The members of the class include everyone who had received financial planning and advice services from Storm Financial Limited (now in liquidation) and had borrowed money to acquire those financial products, relying on advice from Storm, and at any time between 1 November 2007 and 31 January 2009, had held investments in unit funds bearing Storm’s brand or otherwise endorsed by Storm to its clients.
According to Stewart Levitt, “Class Members include anyone who meets these criteria, regardless of whether they have already received a settlement from their bank pursuant to another Class Action run by Levitt Robinson Solicitors or from a Claims Resolution Scheme, run by a bank who had worked with Storm.”
“In the Class Action, we allege that when ASIC demanded an Enforceable Undertaking from Storm planners from the top down, in December 2008, and issued media releases decrying Storm and the Storm Financial Model, it took the very action which it should have taken by the end of 2007 or at the latest, by early 2008.

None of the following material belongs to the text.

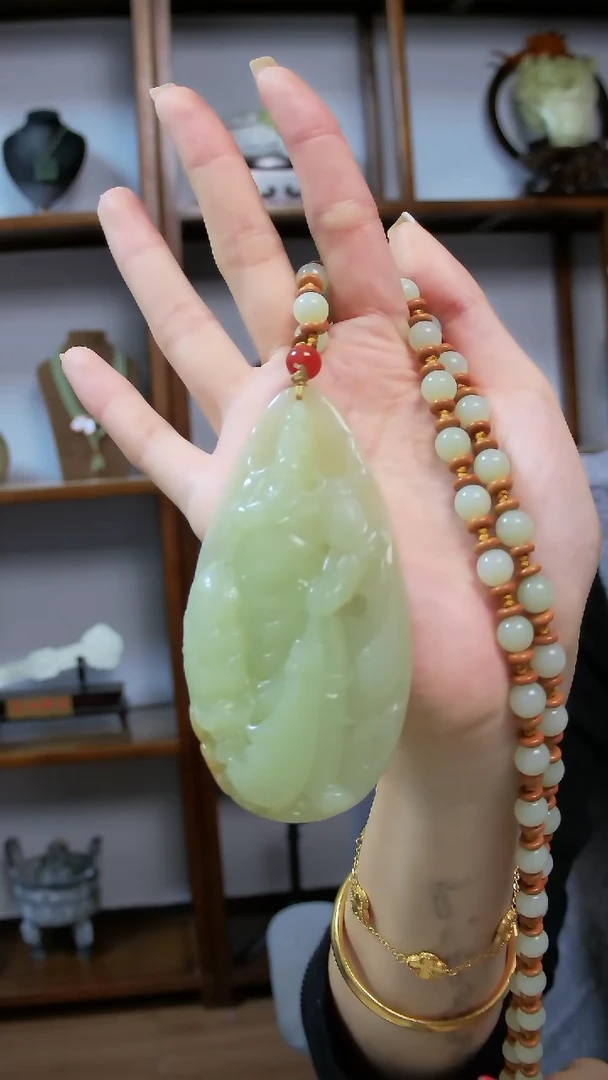 颈饰未镶嵌和田玉关公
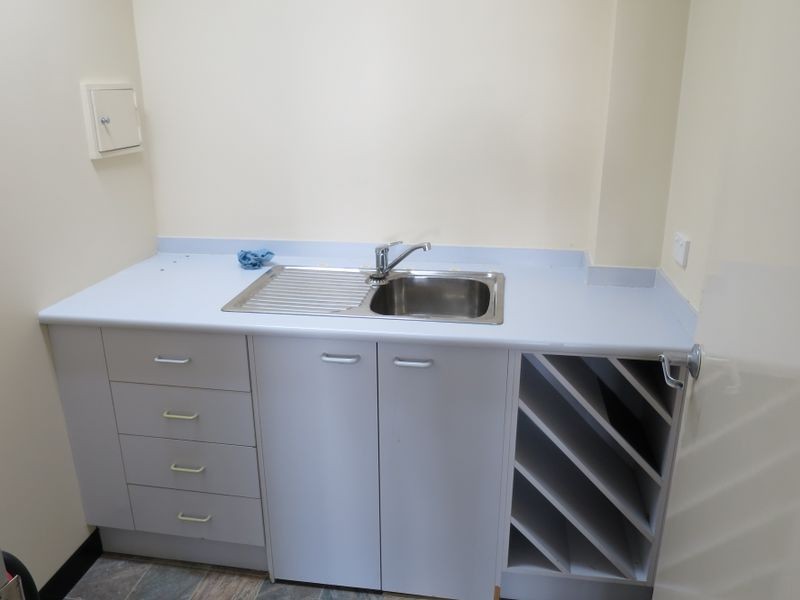 Suite 12/3368 Pacific Highway, Springwood QLD 4127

“It had all the knowledge that it needed by those earlier dates and could have saved Storm clients the hundreds of millions in dollars in losses which they suffered because they weren’t warned early enough,” said Mr Levitt.
The claim also alleges that when ASIC finally did decide to act, it did so to protect the interests of major banks, particularly the Commonwealth Bank, rather than consumers, and principally to deflect from CBA, the major blame for the collapse of its own customers’ Storm investment portfolios.
In the Plaintiffs’ Statement of Claim this is described as ASIC’s “Bank Preference Policy”.
On 12 June 2010, ASIC’s then Chairman, Tony D’Aloisio, was quoted by Paul Cleary in The Australian declaring that the losses suffered by Storm Financial investors were “small” when compared with the nation’s $2.4 trillion in household financial assets.
According to Cleary, D’Aloisio said, “I’m the first to concede when you get a Storm it is a big issue, (claims of) regulators asleep at the wheel and so on, that it is a small part of this total market, a $2 trillion-plus market we look after. That is not to say that I don’t have sympathy for the investors. No one likes to lose money.”
Levitt Robinson’s Amended Statement of Claim alleges that ASIC is guilty of misfeasance in public office and negligence for its decisions taken in 2008.
Justice Foster adjourned the proceedings until 7 May 2015, to permit the Plaintiffs to make an F.O.I. request foreshadowed by the Plaintiff’s Counsel, Tony Martin SC, seeking the production of ASIC’s internal documents and records. This will afford the Plaintiffs the opportunity to make amendments to their claim based on information which ASIC has a statutory obligation to divulge in answer to such request. ASIC had opposed this course.